Hit the Road with Agi Brine
Przepytała: Kasia Wójcik
Odpowiedziała: Agi Brine
Dla większości z nas czasy nagrywania płyt CD minęły bezpowrotnie, ale czy wyobrażacie sobie wyjazd bez ulubionej playlisty stworzonej do radosnego fałszowania? Bez możliwości odcięcia się od pasażerów w zatłoczonym pociągu? Nie? My też nie! A czy sami muzycy? Nowy numer magazynu #PODRÓŻ zainspirował nas, by przepytać kilka polskich zespołów i dowiedzieć się, czym jest dla nich „muzyka drogi”, skomponować razem playlistę i oczywiście porozmawiać o podróżach i trasie koncertowej.
Wczoraj o tej porze….?
Wybrałam się w podróż samochodem, żeby sprawdzić jak piosenka, nad którą aktualnie pracuję, brzmi w samochodzie. Znany bardzo dobrze wszystkim muzykom test. Jest dużo basów, więc można się bujać na dzielni.
Co najbardziej lubisz w podróżach?
To, że można je spędzić z bliskimi ludźmi, rodziną, znajomymi. Albo właśnie wręcz odwrotnie, wyjechać gdzieś samemu i odpocząć od rzeczywistości.
Jakie najdziwniejsze/najciekawsze pamiątki przywiozłaś z wakacji/trasy?
Zawsze najdziwniejszym pomysłem jest przywożenie kamieni z wakacyjnej plaży.

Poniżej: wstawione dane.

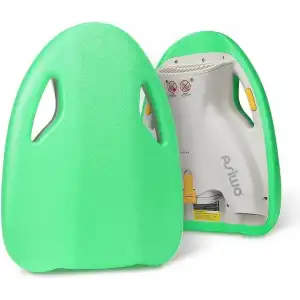 Asiwo Yüzme Eğitim Kickboard, Elektrikli, 3 Hızlı, Yüzme Havuz Tahtası - Yeşil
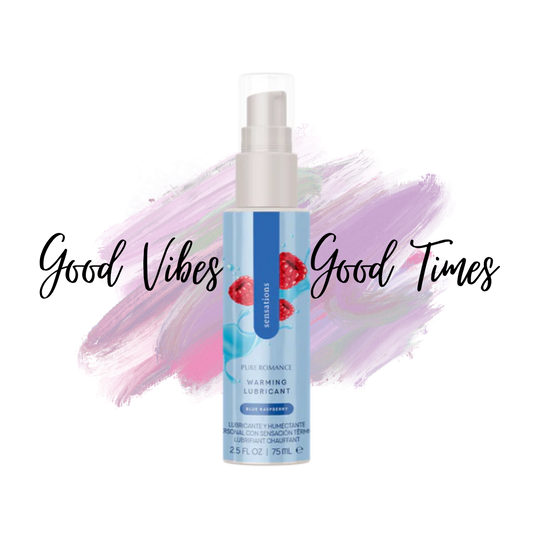 Sensations Warming - Blue Raspberry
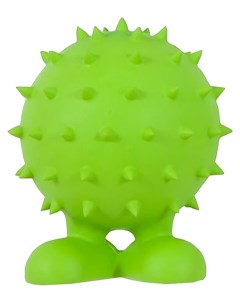 Игрушка Pet Spikey Cuz Мяч на ножках с шипами для собак Medium 10 см в ассортименте Jw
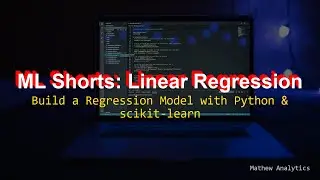Simple Linear Regression Model in Python with scikit-learn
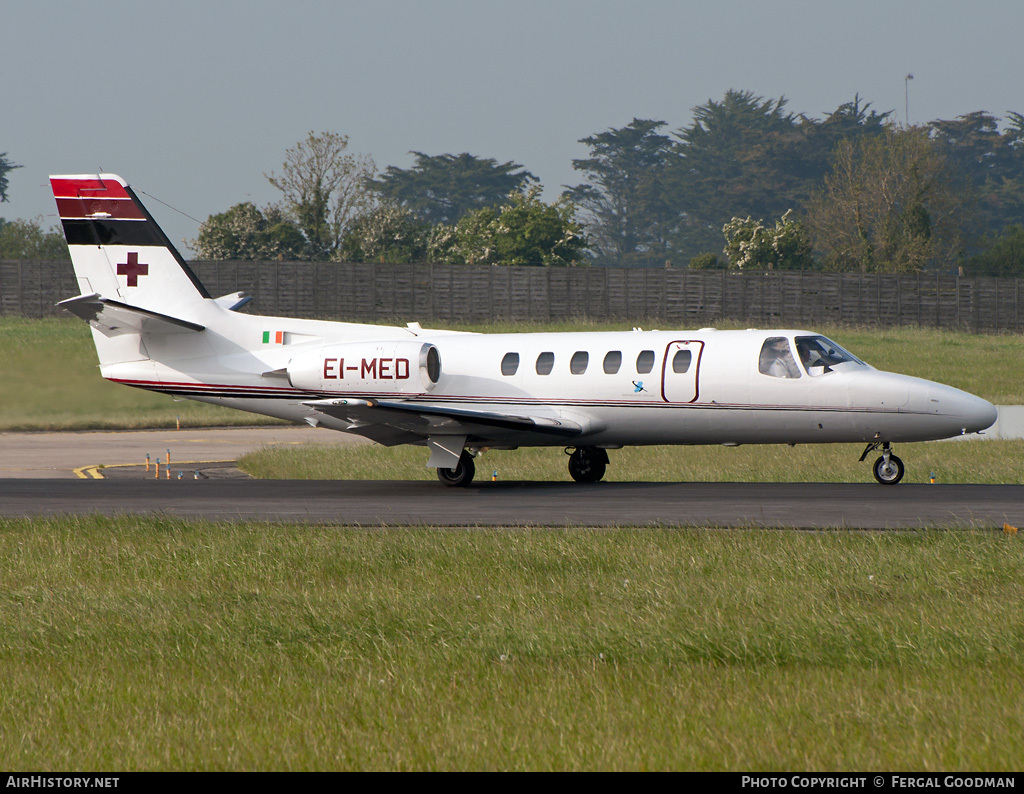 Aircraft Photo of EI-MED | Cessna 550 Citation II | AeroMedevac Ireland | AirHistory.net #89648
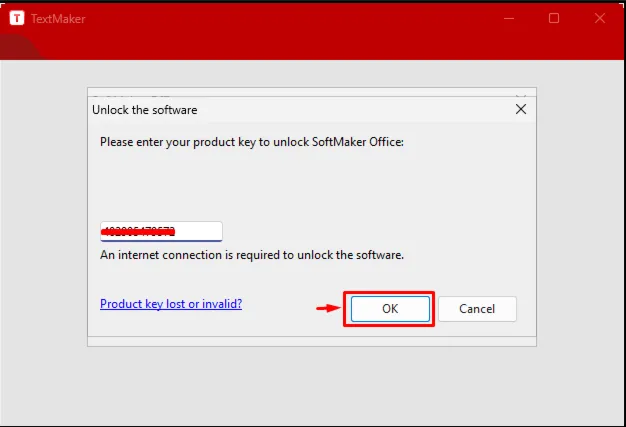 SoftMaker Office NX Home Ключ продукта на 6 месяцев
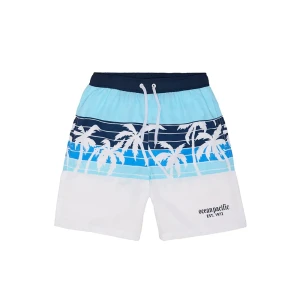 Ocean Pacific Short De Bain Wavelet White / Multicolour M Homme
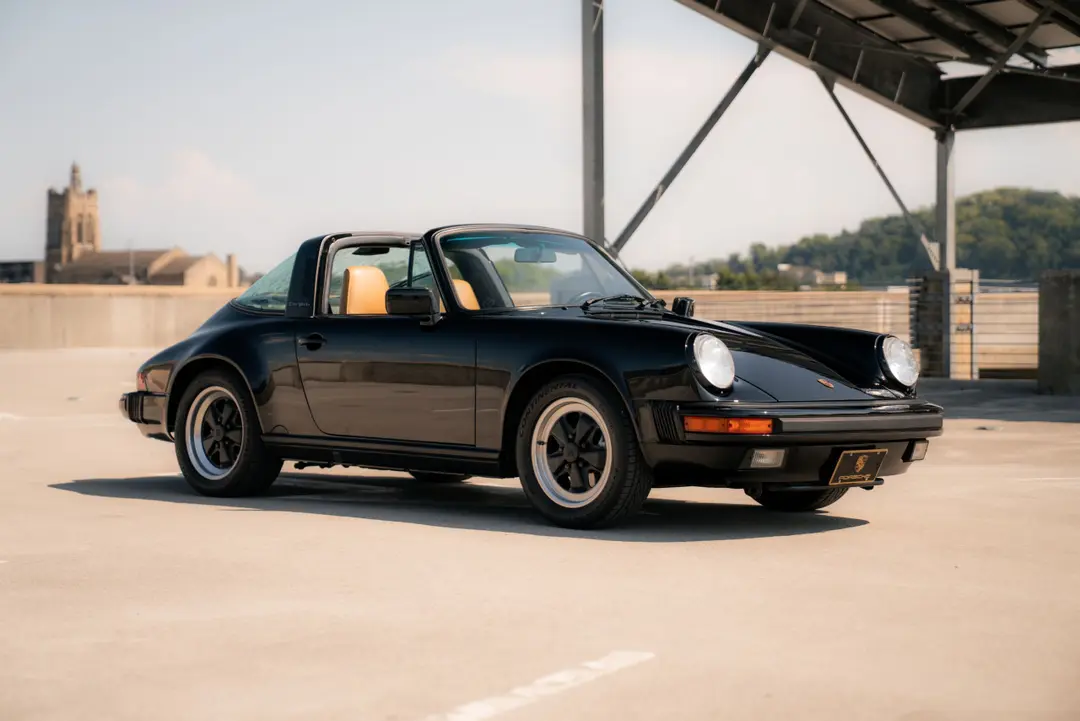 1984 Porsche 911 Targa, sold Oct 2026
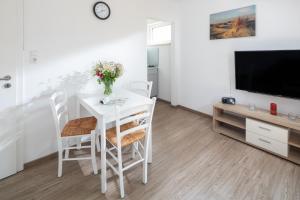 TV/Unterhaltungsangebot in der Unterkunft Ferienhaus an der Karlstraße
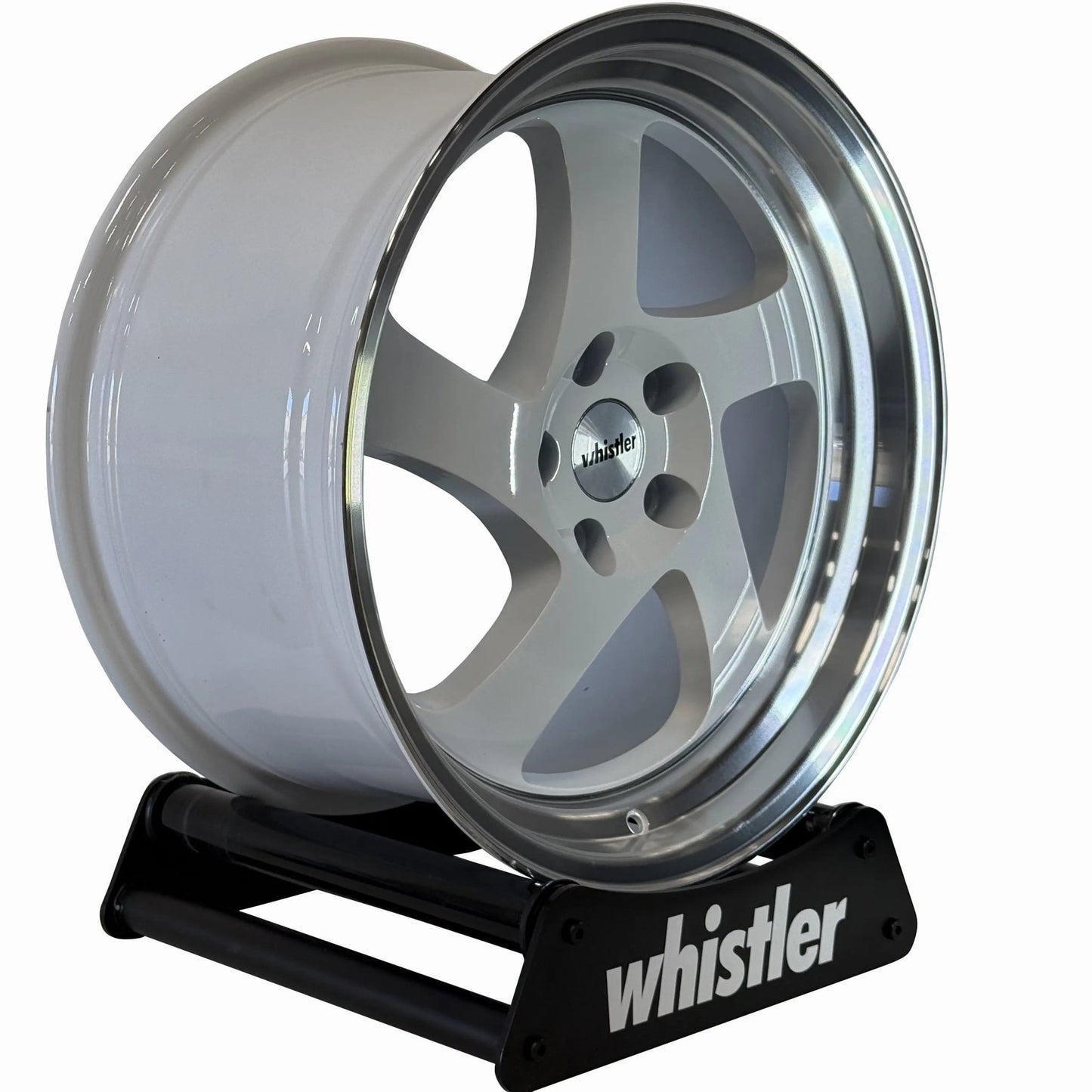 KR1 White Machined Lip - Get it from Bo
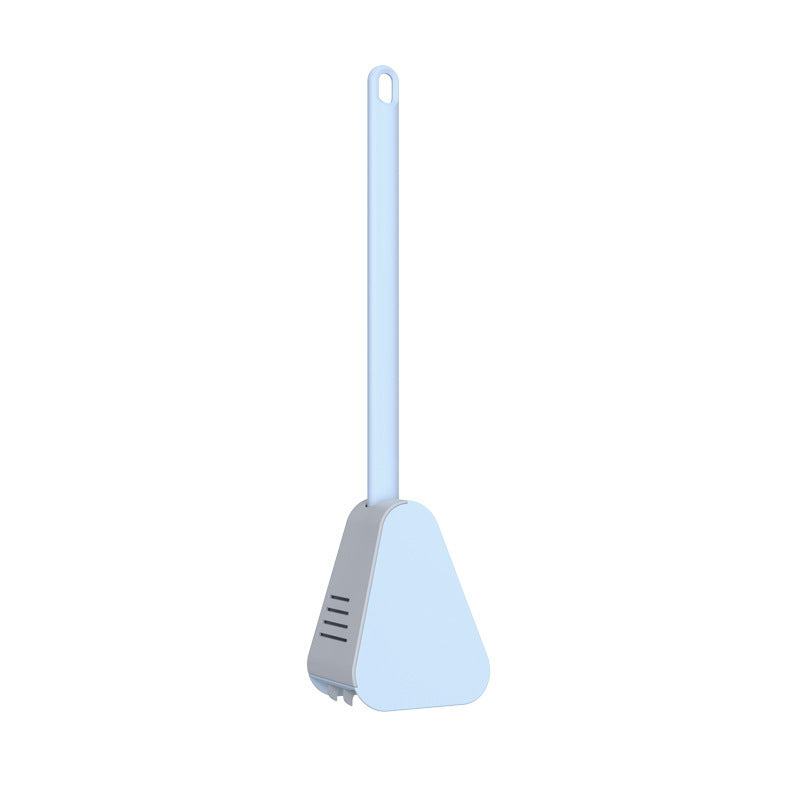 Your Toilet will never be dirty againt with out new 2025 collection Soft Plastic Toilet Brush With No Dead Ends, Daily Necessities Long Handle Cleaning Brush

Kompletnie niepraktyczna pamiątka. Ani na prezent się nie przyda, ani nie przypomni miłych chwil. Najlepszą pamiątką są jednak zawsze zdjęcia.
Co zawsze pakujesz ze sobą?
Słuchawki, nie mogę sie bez nich obyć. Oraz książki, których i tak potem nie czytam.
Masz za sobą podróż marzeń? Jeśli tak, gdzie się odbyła? Jeżeli nie, jakie to miejsce?
Chciałabym odwiedzić Nową Zelandię.
Czego słuchasz w trasie?
Najbardziej podczas jazdy wchodzi mi Metronomy, Jon Hopkins, Arctic Monkeys. Z polskich artystów włączam Rite Pax i Bokke oraz polskie Radio Czwórka.
5 utworów idealnych na podróż to…?
Chyba takich nie ma. Zależy od nastroju, długości trasy, pasażerów…
Za kim i za czym tęsknisz w trasie?
Za własnym łóżkiem, ulubioną herbatą nie z woreczka, i tą chwilą osamotnienia i relaksu.
Które miejsce w Twojej rodzinnej miejscowości każdy powinien zobaczyć?
Oczywiście Koziołki, w samo południe na Starym Rynku w Poznaniu.
Twoje ulubione miejsce do tworzenia to?
Mój pokój. Klawisz, komputer, mikrofon czyli moje centrum dowodzenia. Na spokojnie, z herbatką, najlepiej głęboko w nocy.